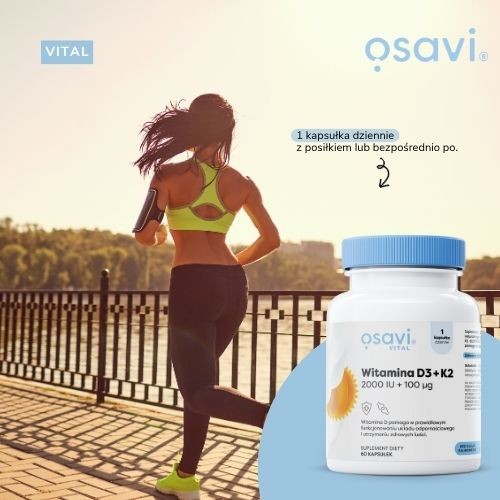 Miniaturka artykułu - #1 Osavi Witamina D3 2000IU + K2 100 mcg, 60 kaps.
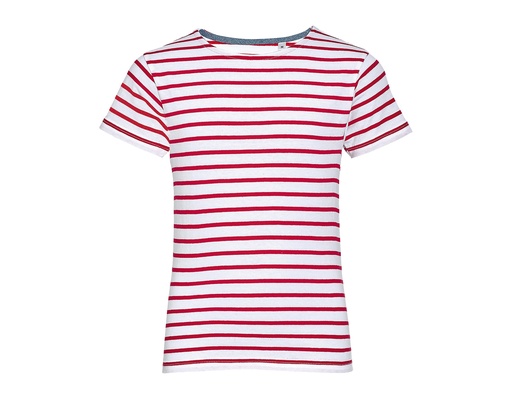 Dziecięcy T-shirt w paski z okrągłym dekoltem L01400 - White & Red
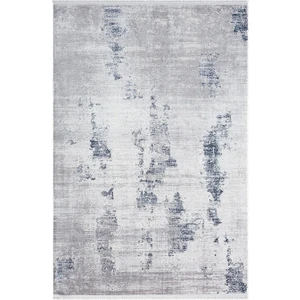 Karmen Halı Elegance EG013A Gri Halı Lacivert Detaylı Modern Viskon Doğal Iplik Bambu Halı Tozu Az Salon Halısı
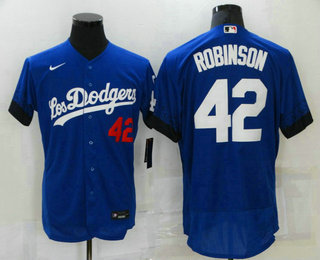 Men's Los Angeles Dodgers #42 Jackie Robinson Blue 2021 City Connect Flex Base Stitched Jersey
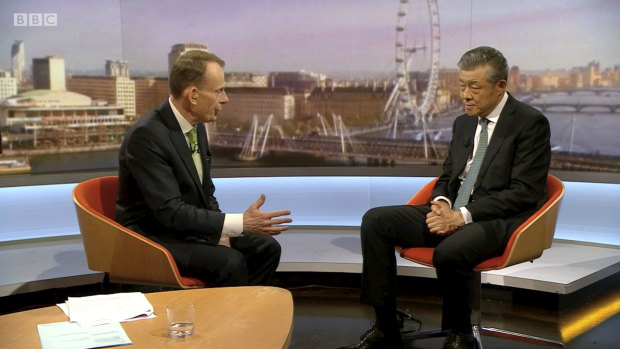 China's Ambassador to the UK Liu Xiaoming appears on the BBC's Andrew Marr Show, Sunday, 9 February, 2020.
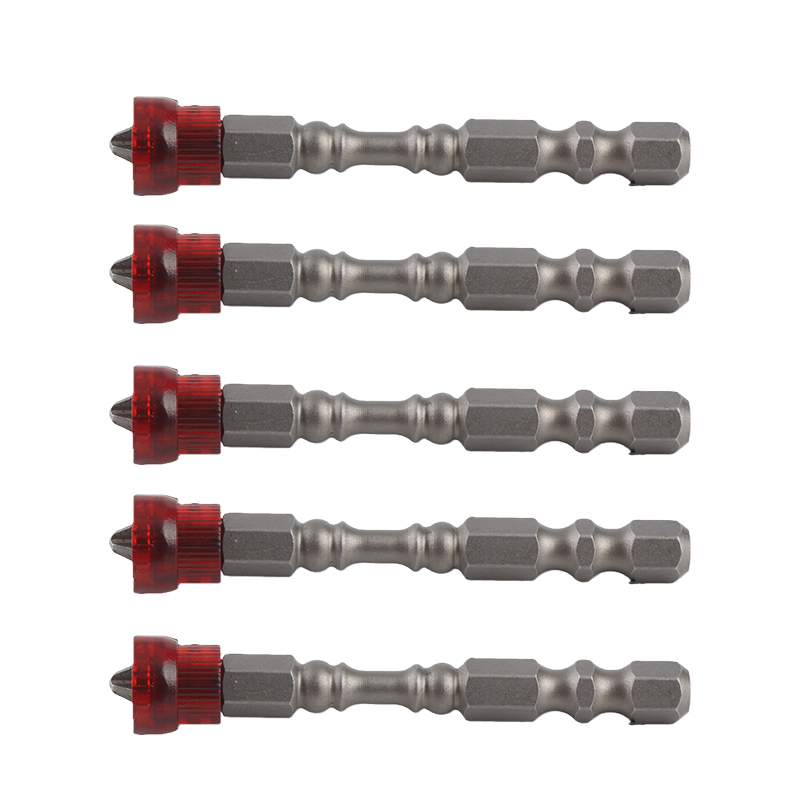 Set Mit 5 Kreuzschlitzschraubendreher-bits Aus S2-legierungsstahl Mit Magnetischem Sechskantschaft (rot)
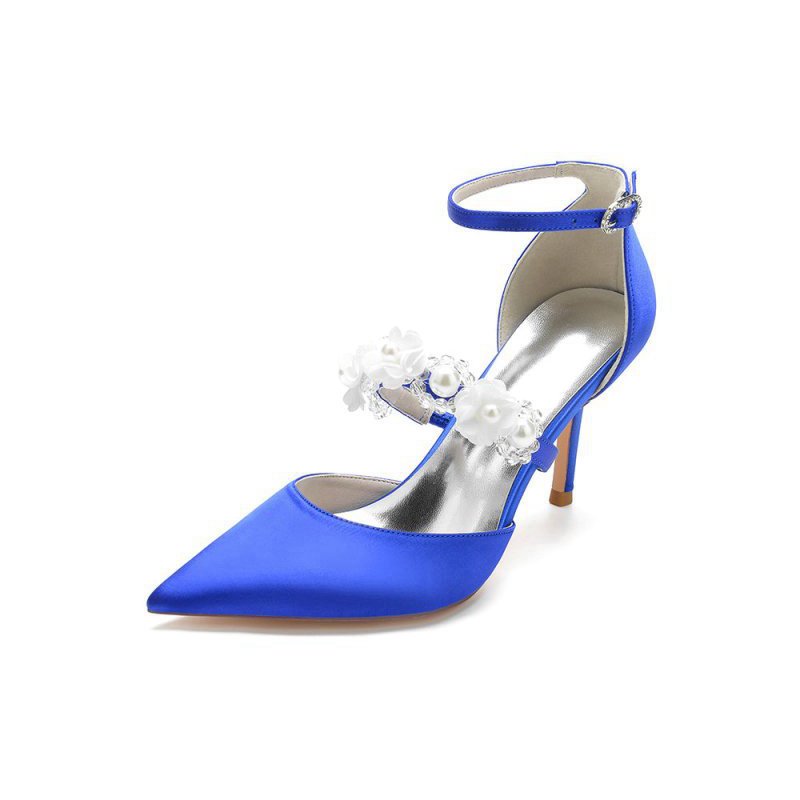 Flower Pearl Strap Pointed Toe High Heels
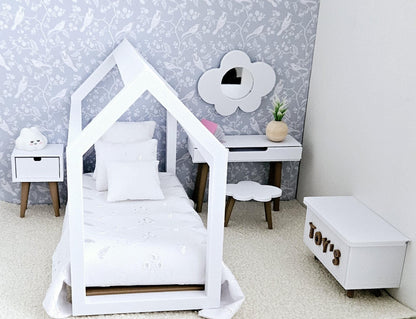 Children's House Bed Furniture Set | 1:12 scale dolls house miniature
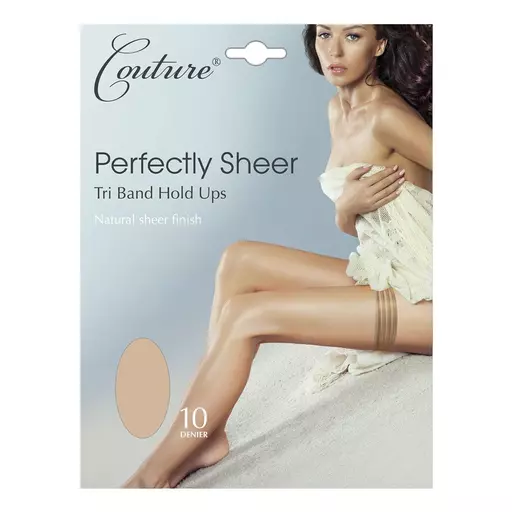 Couture Sexy Nude Sheer Tri Band Hold Up Stockings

════════

§ **Goal of the exercise**: Word for word, retype the material above without its pictures.

§ **Written solution**:
 Miniaturka artykułu - #1 Osavi Witamina D3 2000IU + K2 100 mcg, 60 kaps.
 Dziecięcy T-shirt w paski z okrągłym dekoltem L01400 - White & Red
 Karmen Halı Elegance EG013A Gri Halı Lacivert Detaylı Modern Viskon Doğal Iplik Bambu Halı Tozu Az Salon Halısı
 Men's Los Angeles Dodgers #42 Jackie Robinson Blue 2021 City Connect Flex Base Stitched Jersey
 China's Ambassador to the UK Liu Xiaoming appears on the BBC's Andrew Marr Show, Sunday, 9 February, 2020.
 Set Mit 5 Kreuzschlitzschraubendreher-bits Aus S2-legierungsstahl Mit Magnetischem Sechskantschaft (rot)
 Flower Pearl Strap Pointed Toe High Heels
 Children's House Bed Furniture Set | 1:12 scale dolls house miniature
 Couture Sexy Nude Sheer Tri Band Hold Up Stockings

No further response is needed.